= Instructions to follow =
Starting at the line with "Domme_Carla_Brazil webcam" and ending at the line with "295 Honey Bee Lane, Rogers, TX 76569", print exactly the lines of the entries below. Pictures do not belong in the copy.

▬▬▬

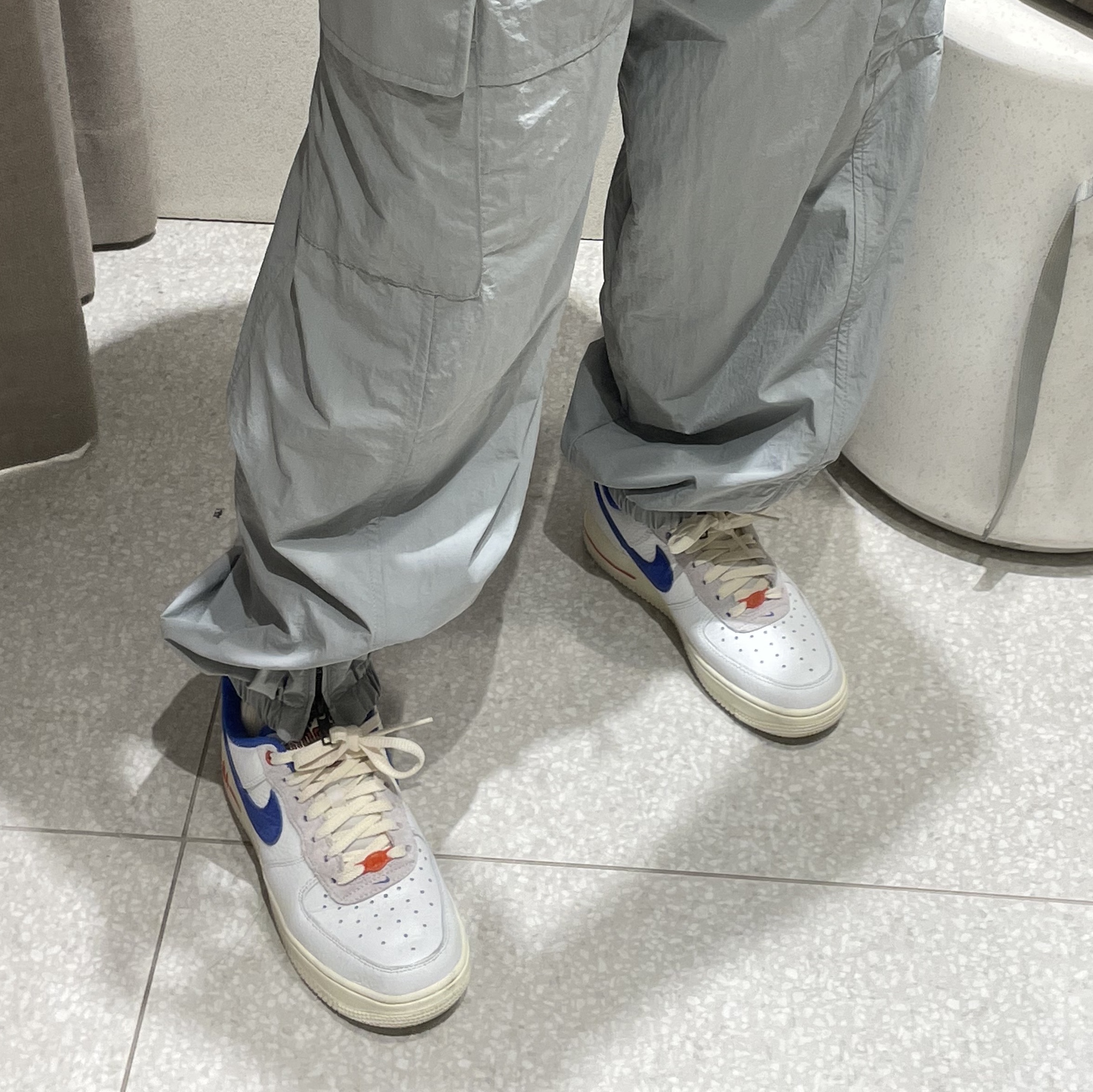 (W) Nike Air Force 1 '07 LX University Blue and Summit White 착용 스타일 - 2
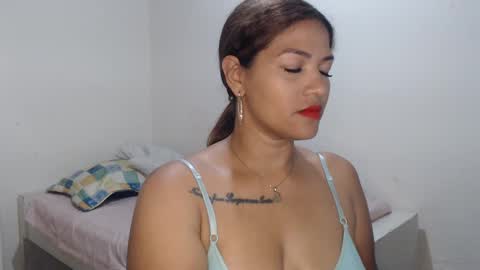 Snapshot of makennaa_1 chatting on 12.22.24 MAKENNAA online show from 12.22.24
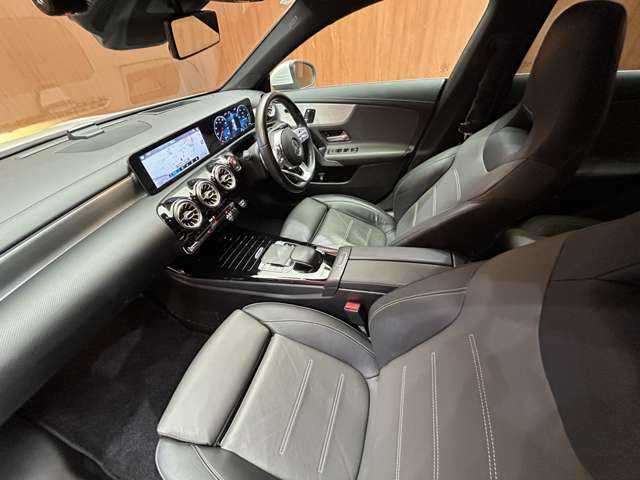 メルセデス・ベンツ ＣＬＡ２００ｄ AMGライン 千葉県 2019(令1)年 5.1万km デジタルホワイト ＡＭＧレザーエクスクルーシブＰＫＧ　/アドバンスドＰＫＧ　/パノラマＳＲ　/革シート　/ＨＵＤ　/ＡＣＣ　/ナビ　/ＴＶ　/３６０°Ｂｌｕｅｔｏｏｔｈ接続　/シートＨ　　/衝突軽減Ｂ　/ＢＳＭ　/ＬＫＡ　/前後ドラレコ　/ＥＴＣ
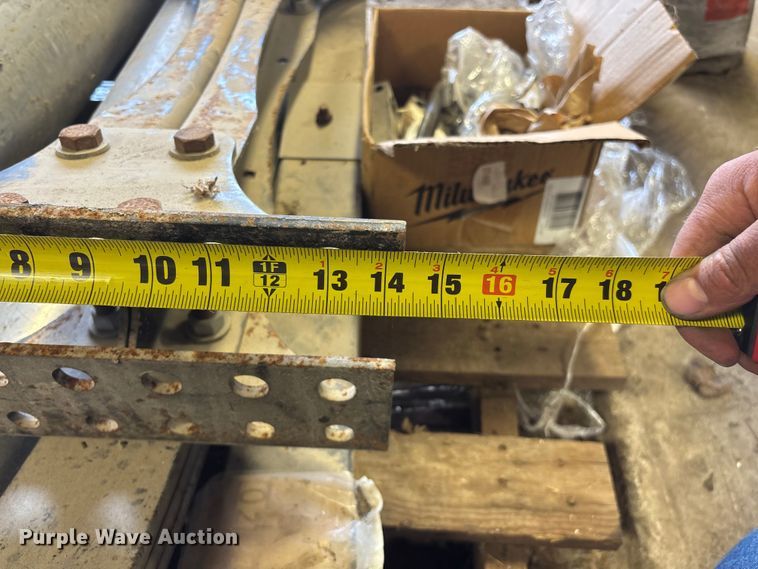 image for item EO4083 Truck and sickle mower parts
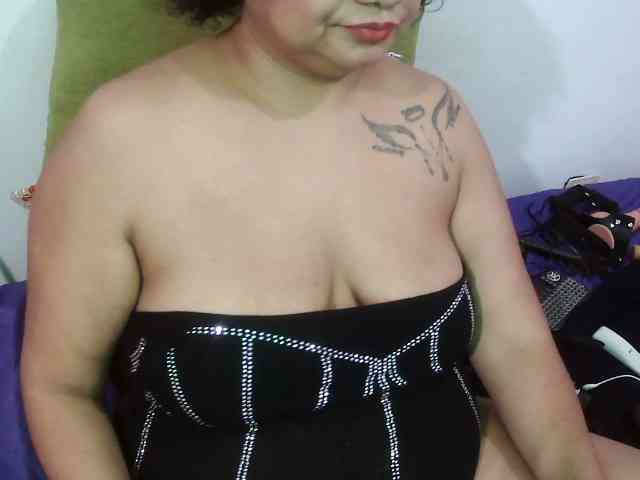 Domme_Carla_Brazil webcam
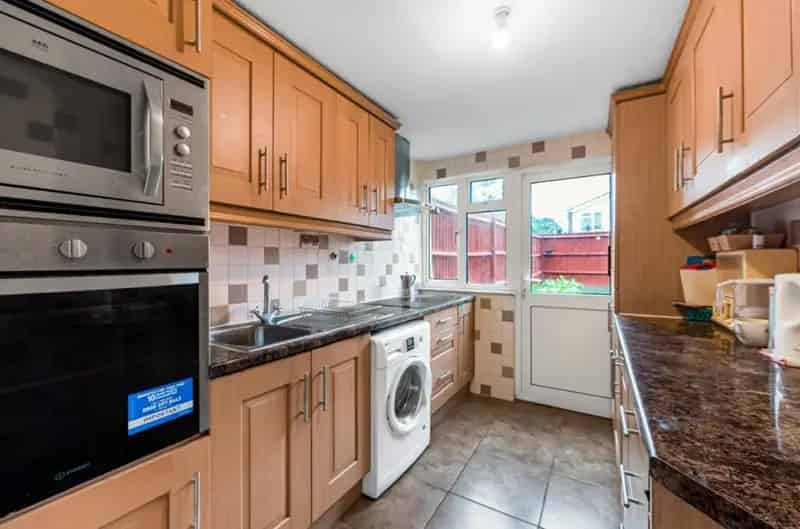 4 bedroom link detached house for sale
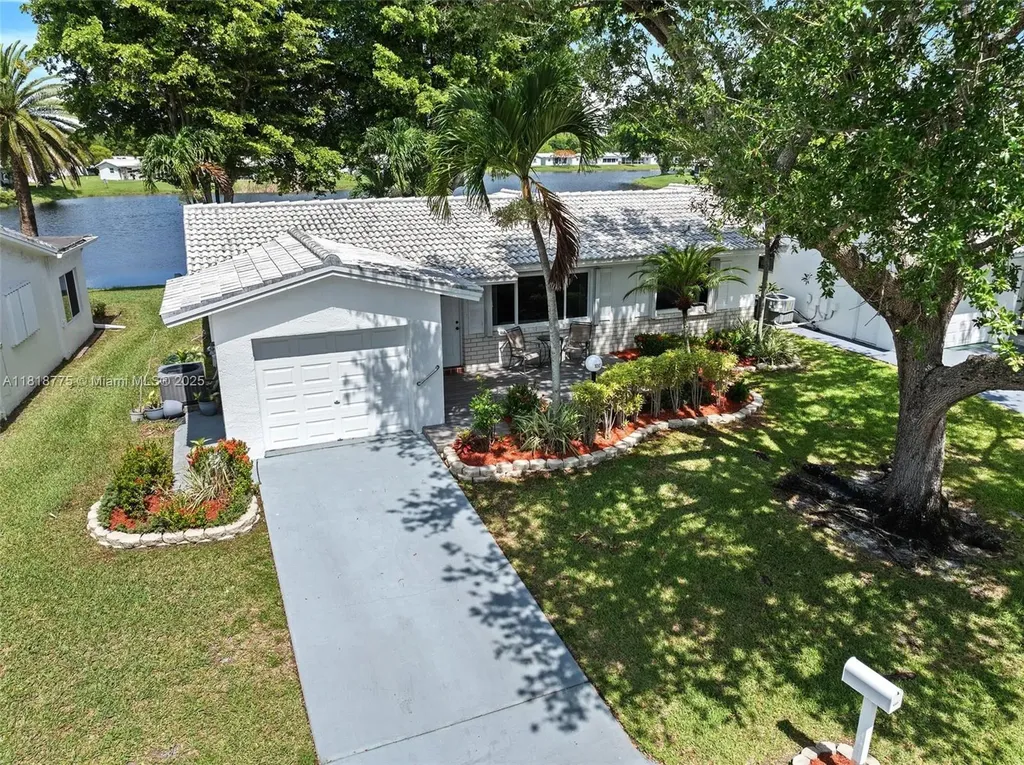 1081 NW 89th Avenue Plantation FL 33322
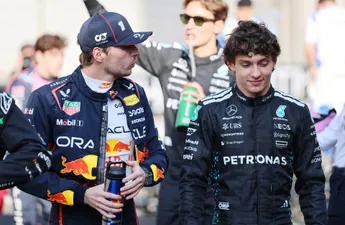 Antonelli kiest partij: Liever Verstappen dan Russell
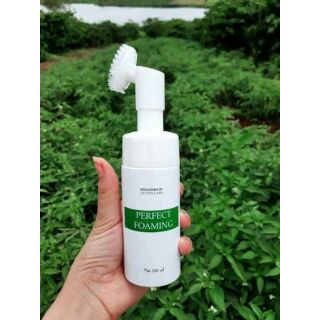 Sữa rửa mặt Perfect foaming Quyên Lara mua 1 tặng 1 son 150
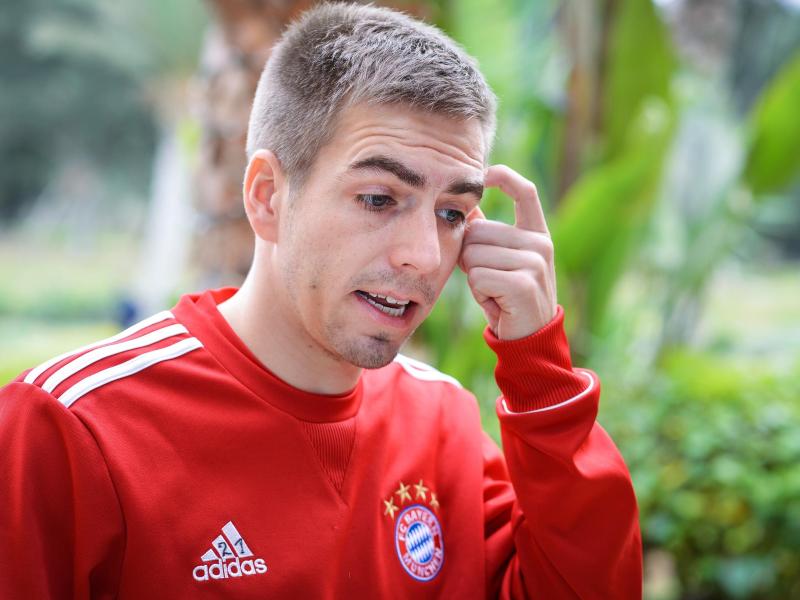 Phillip Lahm plant Mitte März wieder auf dem Platz zu stehen Phillip Lahm plant Mitte März wieder auf dem Platz zu stehen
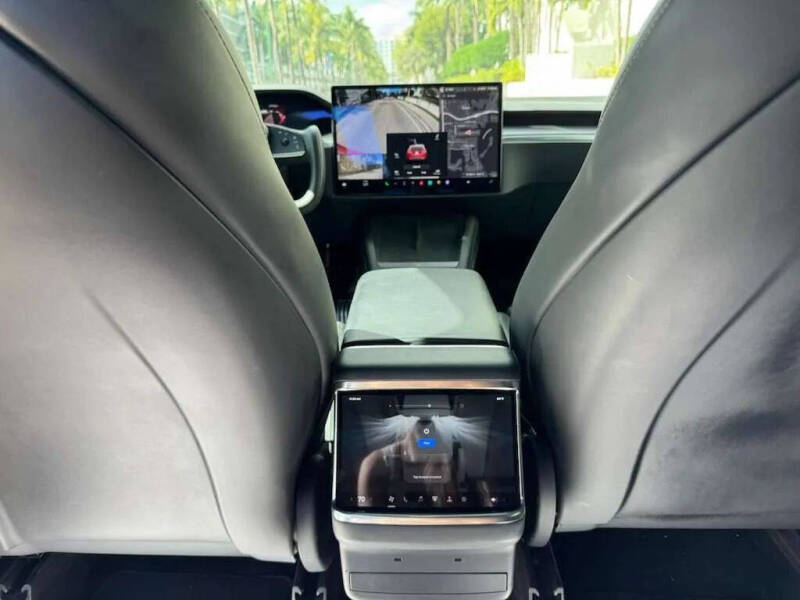 2023 Tesla Model X Plaid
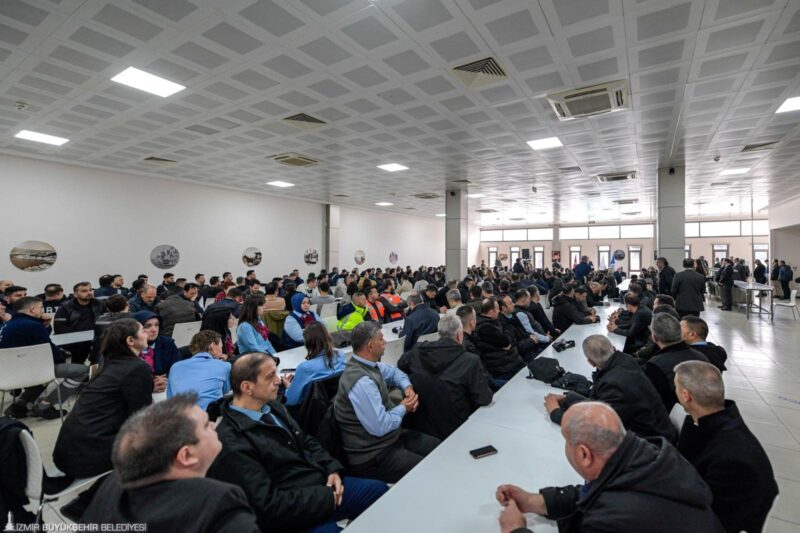 İzmir Büyükşehir Belediye Başkanı Dr. Cemil Tugay, Ramazan Bayramı öncesi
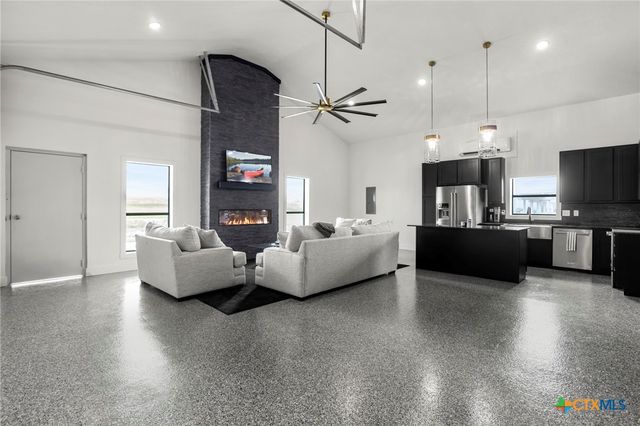 295 Honey Bee Lane, Rogers, TX 76569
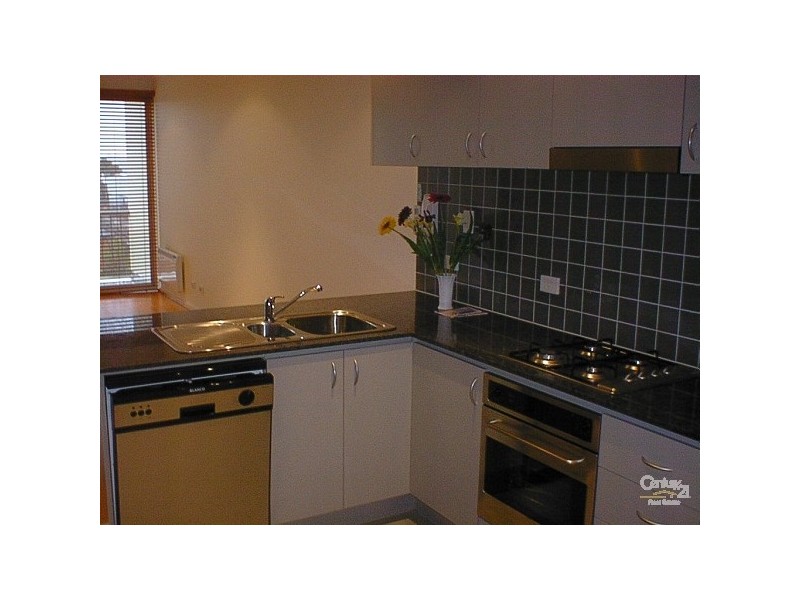 13/4 Wests Road, Maribyrnong VIC 3032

▬▬▬

= Reply to the exercise =
 Domme_Carla_Brazil webcam
 4 bedroom link detached house for sale
 1081 NW 89th Avenue Plantation FL 33322
 Antonelli kiest partij: Liever Verstappen dan Russell
 Sữa rửa mặt Perfect foaming Quyên Lara mua 1 tặng 1 son 150
 Phillip Lahm plant Mitte März wieder auf dem Platz zu stehen Phillip Lahm plant Mitte März wieder auf dem Platz zu stehen
 2023 Tesla Model X Plaid
 İzmir Büyükşehir Belediye Başkanı Dr. Cemil Tugay, Ramazan Bayramı öncesi
 295 Honey Bee Lane, Rogers, TX 76569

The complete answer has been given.